Quando il linguaggio orienta i nostri comportamenti.
Sono alla perenne ricerca di nuove strategie per aumentare la qualità della comunicazione, di tutto ciò che attiene al linguaggio, alla relazione e alla riflessione che l’ascolto produce.
Nel tempo ho capito che l’interazione con altri individui produce ricchezza, sempre e comunque, ma lo fa a determinati condizioni. Vediamole
La prima condizione
Accettare che ogni situazione necessita l’uso di occhiali sempre nuovi e diversi.
Significa fare proprio il punto di vista del giudice saggio.
Accogliere che la ragione trovi cittadinanza in entrambi gli interlocutori, ognuno dei quali interpreta la questione (qualsiasi essa sia) dal proprio punto di vista, storia personale e conoscenze.
Nessuno dei due deve convincere l’altro della veridicità dei suoi assunti ma accogliere la sua visione, senza giudizio.
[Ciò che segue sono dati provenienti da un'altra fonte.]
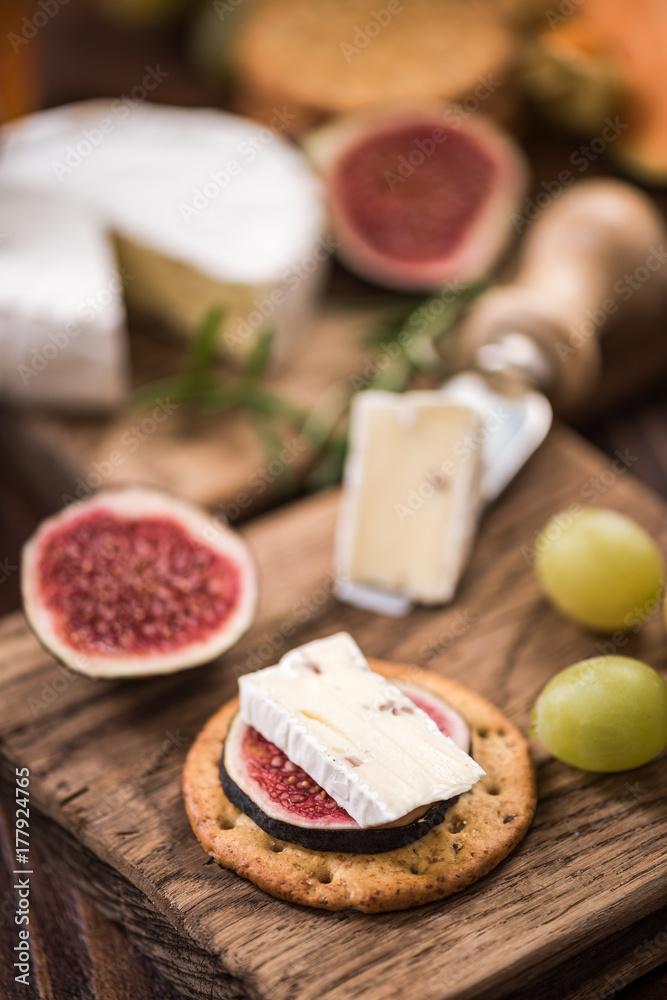 Cheese crackers with camembert and fresh fig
In questo modo, come afferma Panikkar, avremo ben due scenari a disposizione (il nostro e quello del nostro interlocutore).
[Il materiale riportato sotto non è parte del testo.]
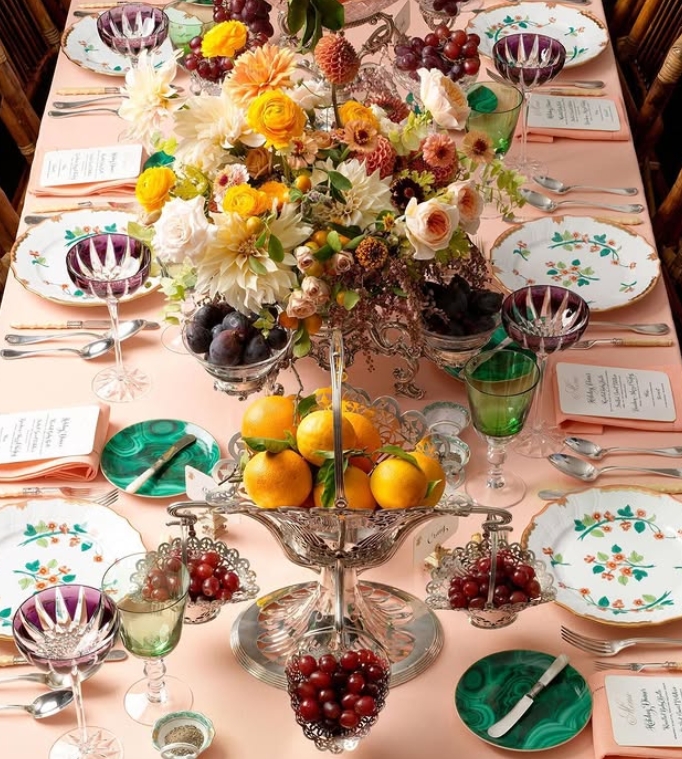 A beautifully arranged Thanksgiving table featuring a floral centerpiece with orange and yellow flowers, surrounded by elegant dinnerware, colorful glassware, and assorted fruits including oranges, plums, and grapes.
L’autore per chiarire il significato che attribuisce al dialogo usa la metafora della finestra e spiega che ogni essere umano possiede un proprio orizzonte di pensiero (il proprio punto di vista).
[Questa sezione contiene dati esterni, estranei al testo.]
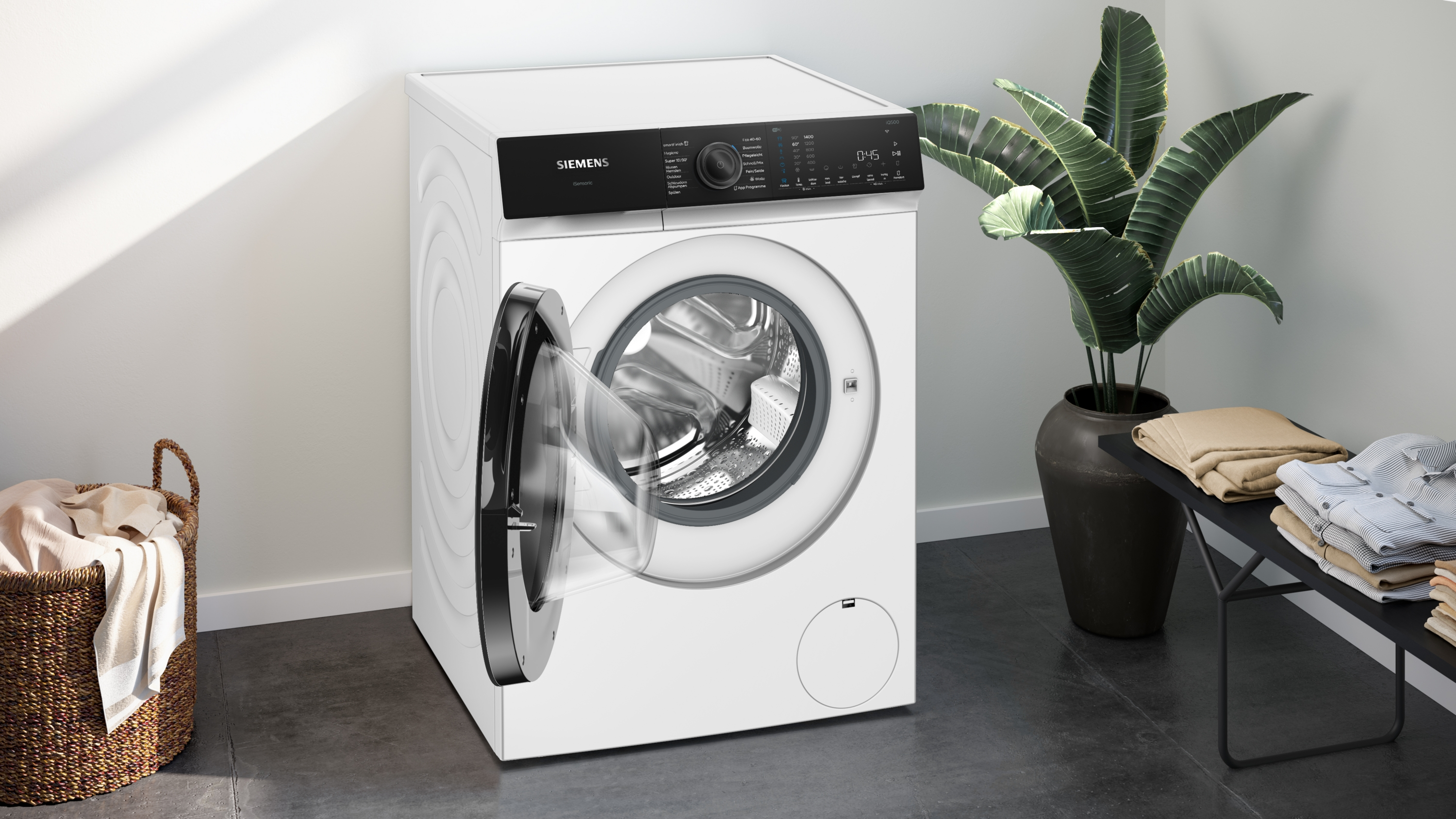 Eine weiße Waschmaschine mit offener Tür, neben einer Pflanze und einem Korb.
È attraverso il confronto, sostiene, che si può ottenere una visione più completa della realtà.
Prerogativa di un individuo è cogliere solo gli aspetti che lui è in grado di riconoscere, decodificandoli in base alle proprie cornici cognitive.
La finestra attraverso la quale guarda, rappresenta la propria cornice e cultura.
La seconda condizione
Accogliere anche la sua ragione come plausibile.
La ricchezza di cui parlavo prima, quale esito dell’incontro con altri individui, può concretizzarsi in vari modi.
Un comportamento, un gesto, una parola.
Qualcosa provoca un sussulto, stuzzica il tuo interesse, fa accendere una lampadina e ti spinge uscire dalla tua zona di confort.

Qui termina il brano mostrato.